3.2. Gene expression is uncoupled from alternative splicing

To assess differences in gene expression in a cell type‐specific manner from aerial or root organs, the script performed pairwise comparisons between the target cell type and a pool of all the other cell types. The goal here was to uncover genes whose expression did not overlap between cell types. Similarly, differences in gene splicing between cell types were measured by comparing PSIs in a targeted tissue against the average of all the other tissues, as described by Martín et al. (2021). These two analyses yielded 2984 and 718 differentially expressed cell type‐specific genes (DEGs) and differentially spliced cell type‐specific genes (DSGs) (Table S3) (Figure 2A). The two sets only share 79 genes, which are both DEG and DSG. Overall, the sets of genes that are regulated at the transcriptional level and the AS level show only minimal overlap, suggesting the two processes act independently in managing cell identity. For a gene to be considered differentially spliced in a cell type‐specific manner, it needed at least one differentially spliced cell type‐specific event (DSE). From the 718 DSGs, 997 DSEs were identified, implying that some genes have more than one cell type‐specific DSE. The DEGs (Figure 2B) and DSEs (Figure 2C) exhibit distinct profiles. Interestingly, the splicing profiles also cluster according to the organ of origin, contrasting with the expression profiles, for which no evident pattern can be discerned (Figure 2B,C). Even though the two groups are strikingly different, a unique pattern can be observed for pATHB8 (Figure 2B,C). We also looked at the expression of various housekeeping genes in pATHB8 and ensured their expression remains unchanged compared to all the other cell types (Table S4) (Czechowski et al., 2005).

FIGURE 2.

FIGURE 2

Open in a new tab

Gene expression is uncoupled from alternative splicing. (A) Venn diagram of differentially expressed cell type‐specific genes (DEGs) and differentially spliced cell type‐specific genes (DSGs). Genes with at least one alternatively spliced event (ASE) were considered a DSG. z‐Score cluster heatmap of (B) normalized counts from DEG and (C) PSIs from differentially spliced events (DSEs). Clustering was done using the ward method. The conversion to z‐score was performed after the hierarchical clustering so that it only affects the color grading. Enriched gene ontology (GO) terms in DEGs (D) and DSGs (E). Red and blue indicates up‐ and downregulated genes. Bars indicate −log10 of the DAVID's EASE score modified p‐value.

The functional annotation analysis of each set of the DEG and DSG shows very little similarity (Figure 2D,E).

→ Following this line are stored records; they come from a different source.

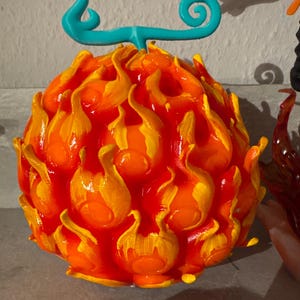 ONEPIECE   悪魔の実　メラメラの実　エース　サボスタチューフィギュア アニメ 悪魔の実 エース サボ メラメラの実 - Etsy 日本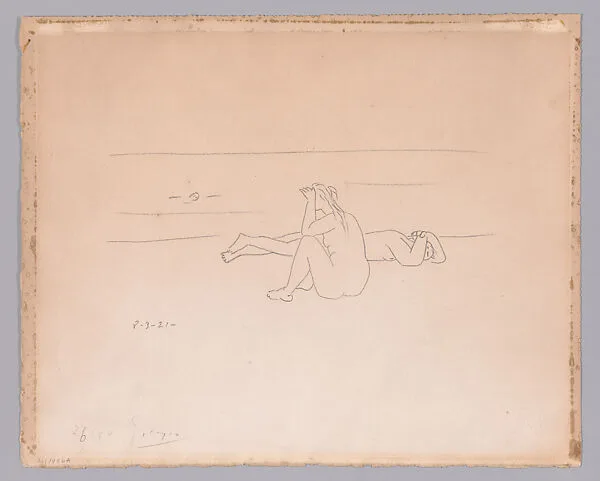 Sur la Plage I (Deux Nus) — Edition M. de Zayas|Pablo Picasso|Bruant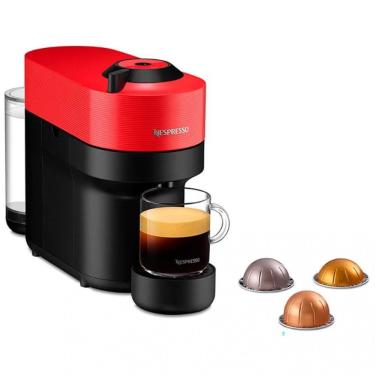 Imagem de Máquina De Café Nespresso Vertuo Pop Com Kit Boas-vindas Vermelho 110v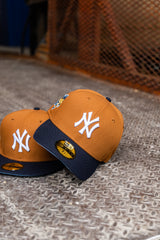 New Era New York Yankees 2000 World Series Sky UV (Peanut/Navy) 59Fifty Fitted - New Era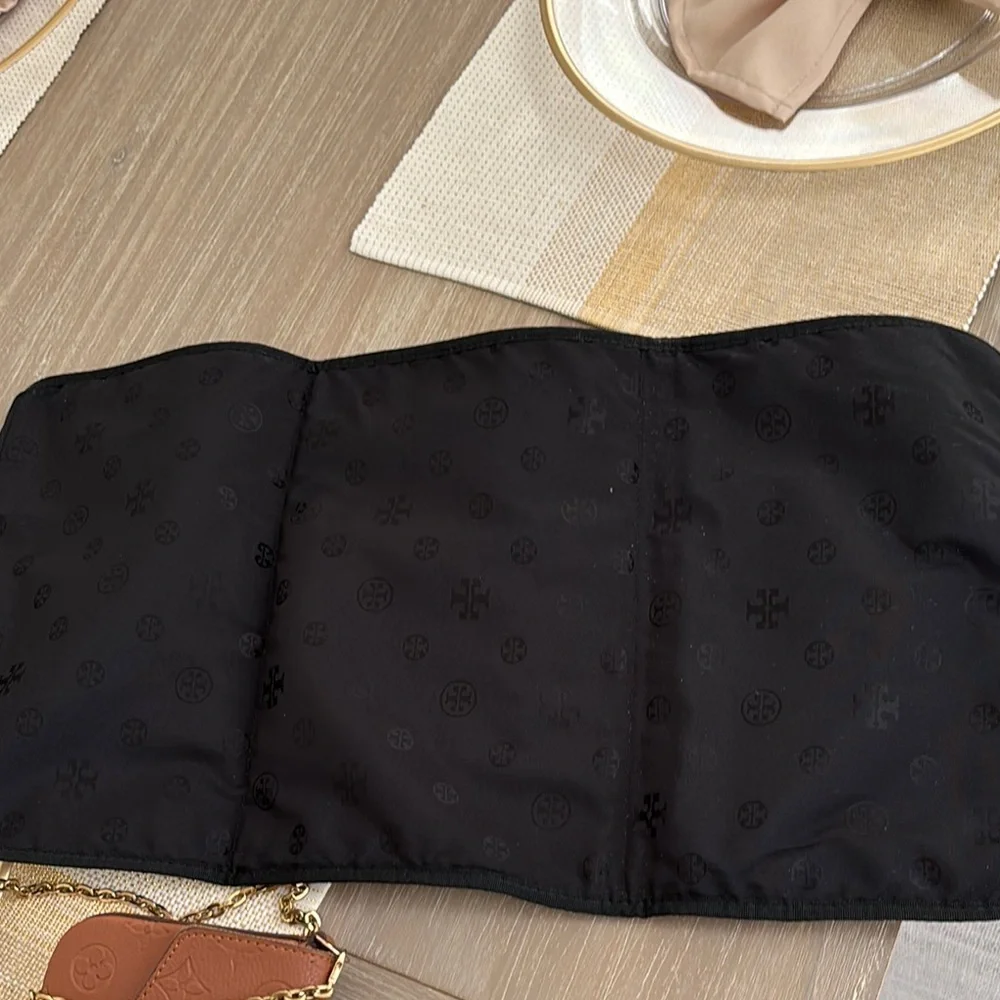 Tory Burch Black Diaper Tote Bag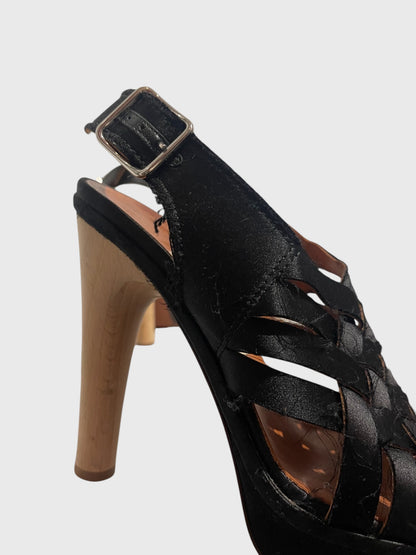 Sandales Lanvin noires T.36,5
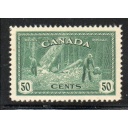 Canada Sc 272 1946 50c green Lumbering Industry stamp mint NH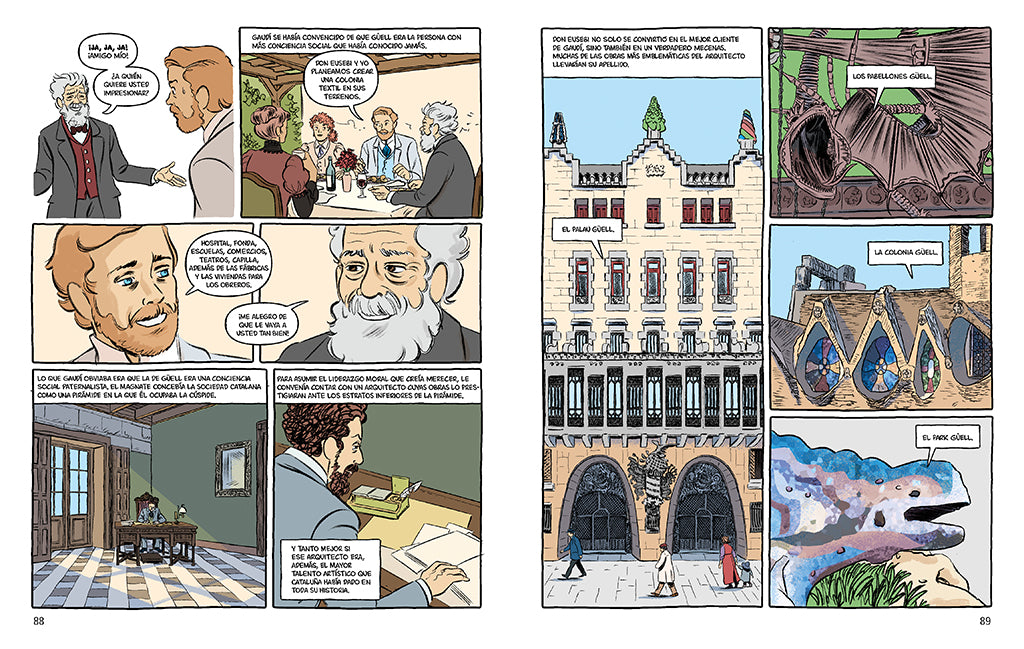 Gaudí: el soñador de Barcelona / Gaudí: A Dreamer from Barcelona interior 5 (ISBN 9788402430823) [onix:2cf71335e288057f6ed2d6cbf596794a]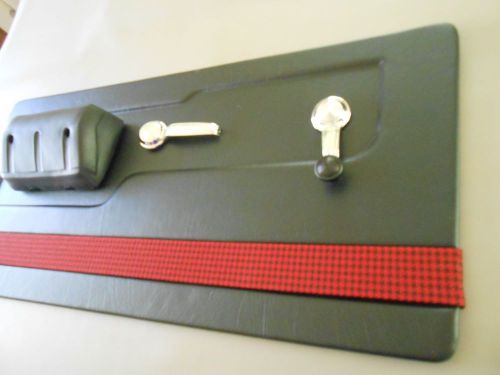 67-71 chevy truck door panels blk with black &amp; red houndstooth channel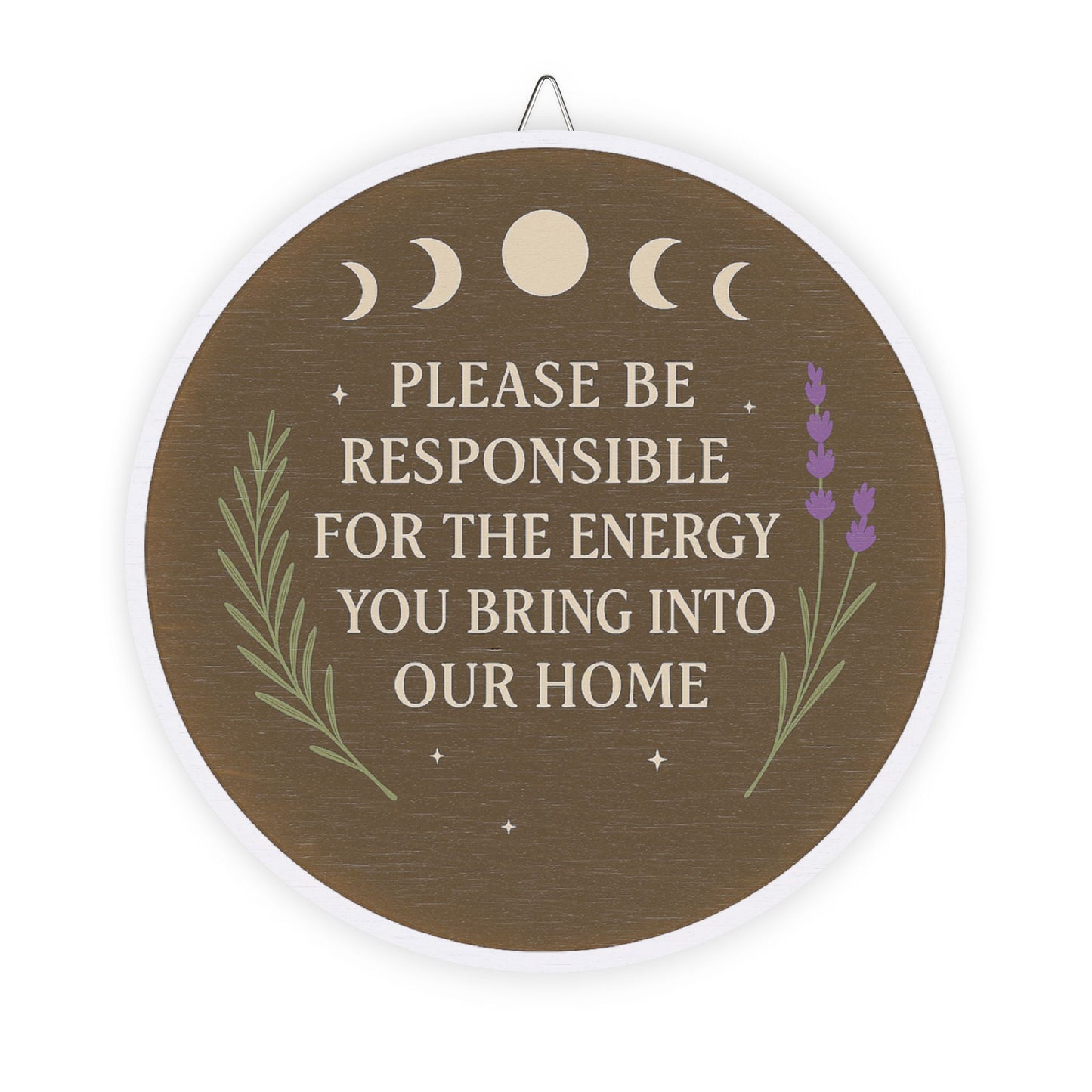 Mystical Moon Phase Wall Sign – Wiccan Wooden Home Décor for Positive Energy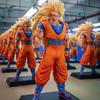 34 см Аниме Dragon Ball Z Супер Сайян 3 Сын Гоку Фигурки Действия Стоячая Модель ПВХ Статуя Настольное Украшение Орнамент Игрушки Подарки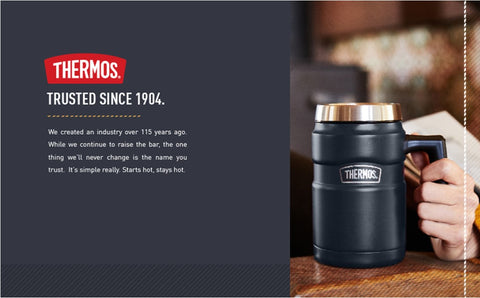 Thermos Stainless King 16oz 470mL Coffee Desk Mug SK1600 Series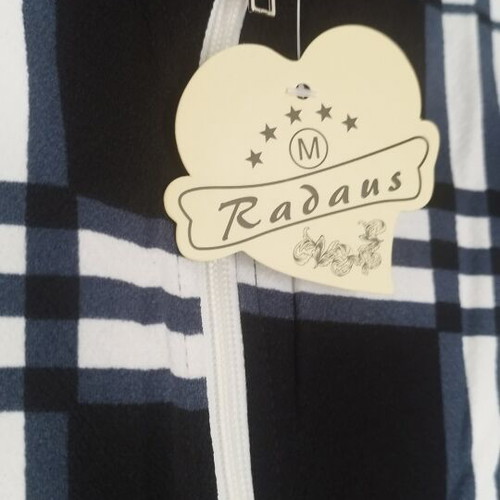 Striped elastic dress black with blue and white, new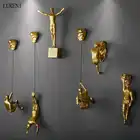 Скульптура персонажа в стиле ретро, для скалолазания, настенный фон, украшение для дома, подвесная статуя для скалолазания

Among the processes upregulated at the gene expression level, we notice tissue development. On the other hand, the downregulated processes are generally more focused on defense responses and stress (Figure 2D). The DSGs are enriched for processes like protein modifications and RNA/DNA metabolic process (Figure 2E). This is compatible with the fact that many splicing factors auto‐regulate themselves through AS (Lazar & Goodman, 2000; Lopato et al., 1999, 1996). Interestingly, annotations related to transcription regulation are also represented in the DSGs (Figure 2E), meaning that AS is involved in gene expression regulation. These results indicate that the regulation of transcription and of AS in a cell type‐specific manner are independent.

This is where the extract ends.